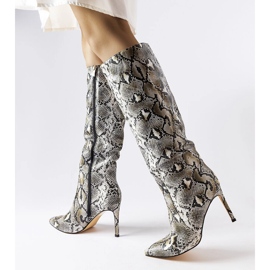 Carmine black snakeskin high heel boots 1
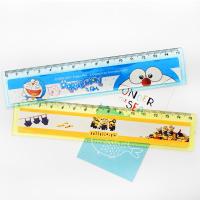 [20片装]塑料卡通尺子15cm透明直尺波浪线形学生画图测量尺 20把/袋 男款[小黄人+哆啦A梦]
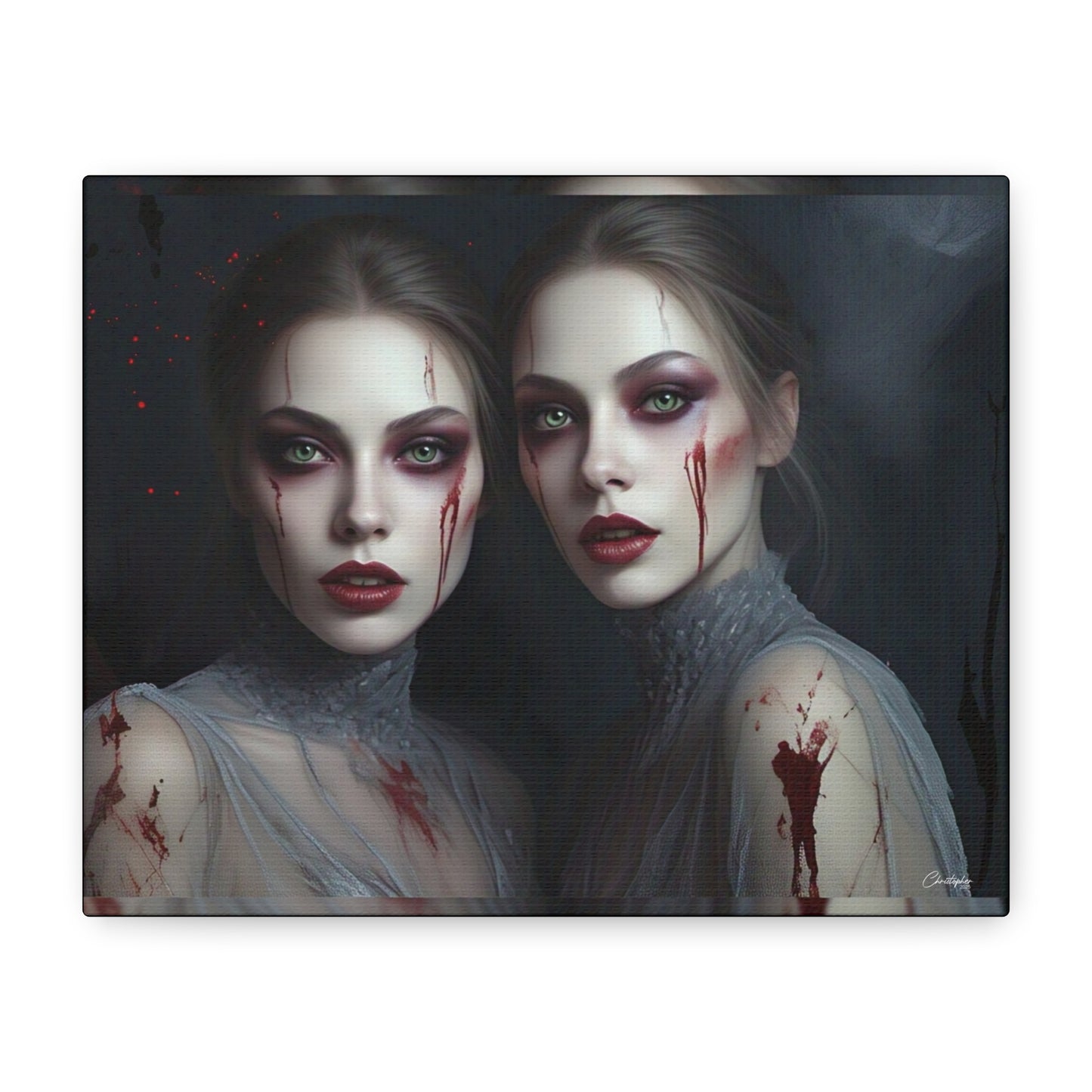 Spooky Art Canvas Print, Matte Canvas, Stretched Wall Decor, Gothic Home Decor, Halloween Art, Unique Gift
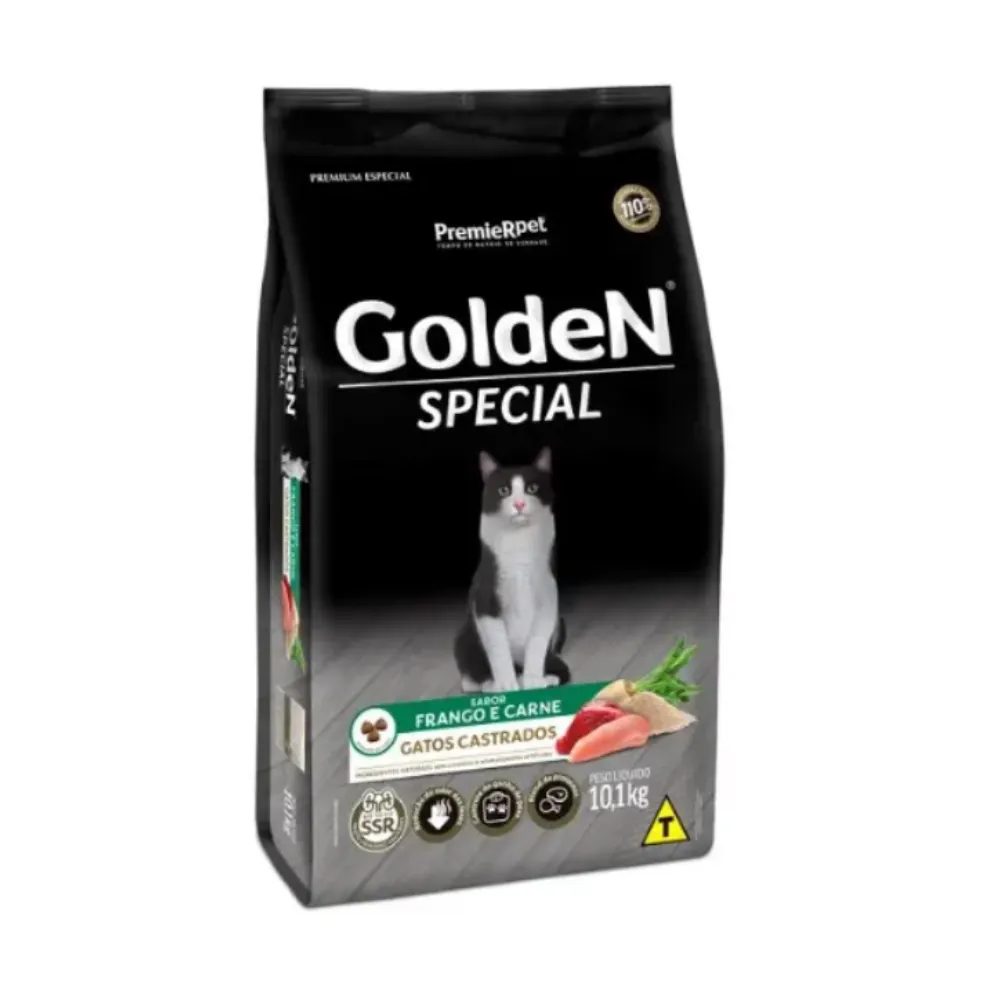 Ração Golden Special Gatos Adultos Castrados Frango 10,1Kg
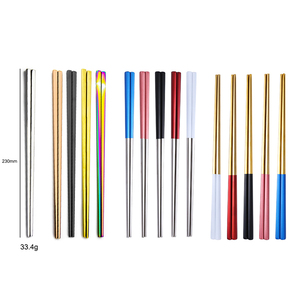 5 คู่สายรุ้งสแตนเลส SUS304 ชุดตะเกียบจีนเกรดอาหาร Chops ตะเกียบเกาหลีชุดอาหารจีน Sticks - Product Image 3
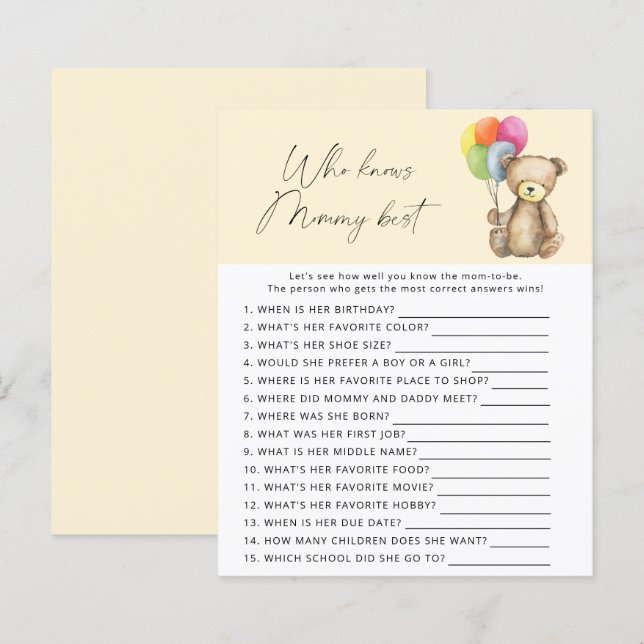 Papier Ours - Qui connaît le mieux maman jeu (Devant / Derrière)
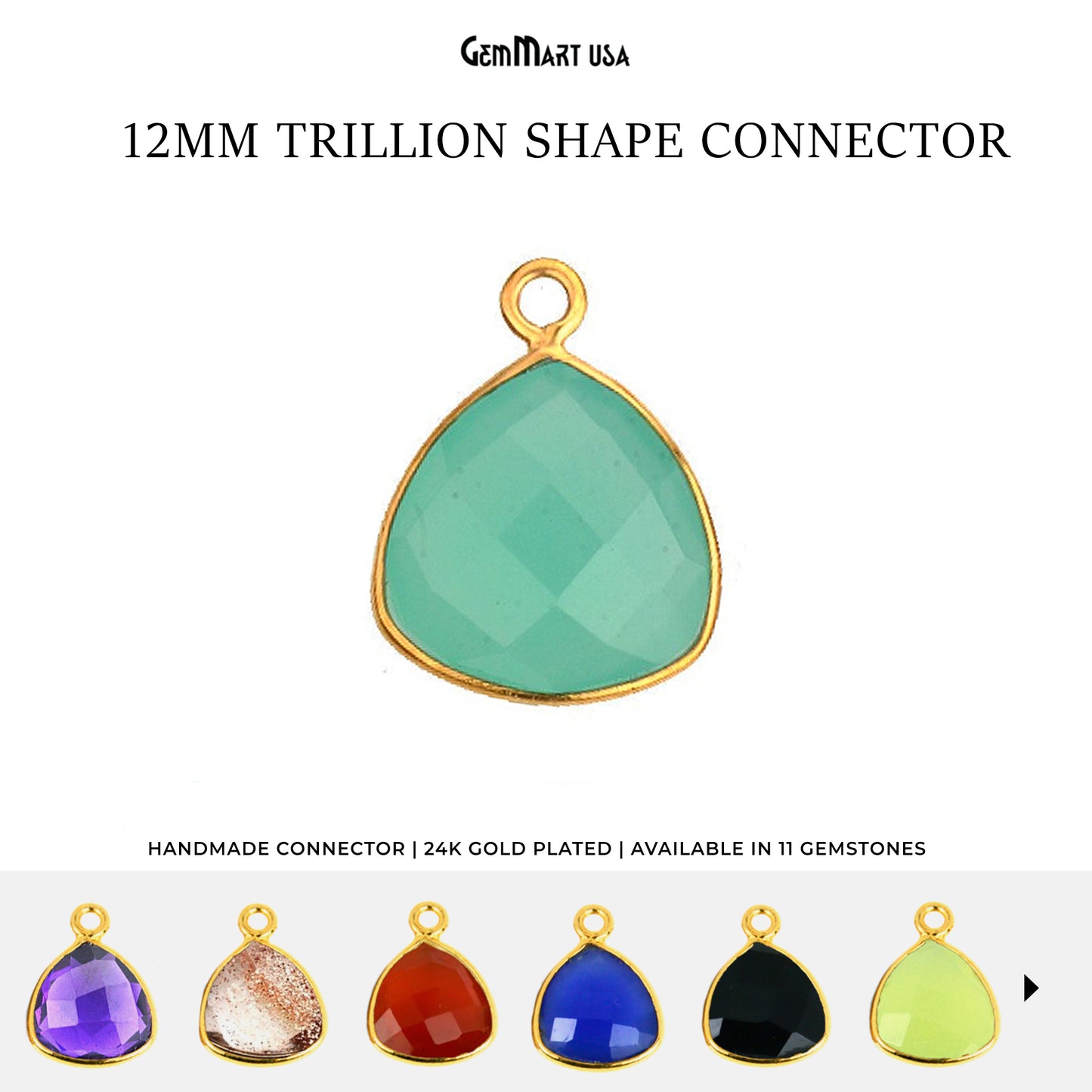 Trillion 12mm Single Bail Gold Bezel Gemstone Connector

################

An exact restatement of the lines from the one holding "Spooky Art Canvas" through the end of the entries, both ends included, is the whole answer. Pictures stay out.

 Spooky Art Canvas Print, Matte Canvas, Stretched Wall Decor, Gothic Home Decor, Halloween Art, Unique Gift
 Ração Golden Special Gatos Adultos Castrados Frango 10,1Kg
 5 คู่สายรุ้งสแตนเลส SUS304 ชุดตะเกียบจีนเกรดอาหาร Chops ตะเกียบเกาหลีชุดอาหารจีน Sticks - Product Image 3
 Papier Ours - Qui connaît le mieux maman jeu (Devant / Derrière)
 Trillion 12mm Single Bail Gold Bezel Gemstone Connector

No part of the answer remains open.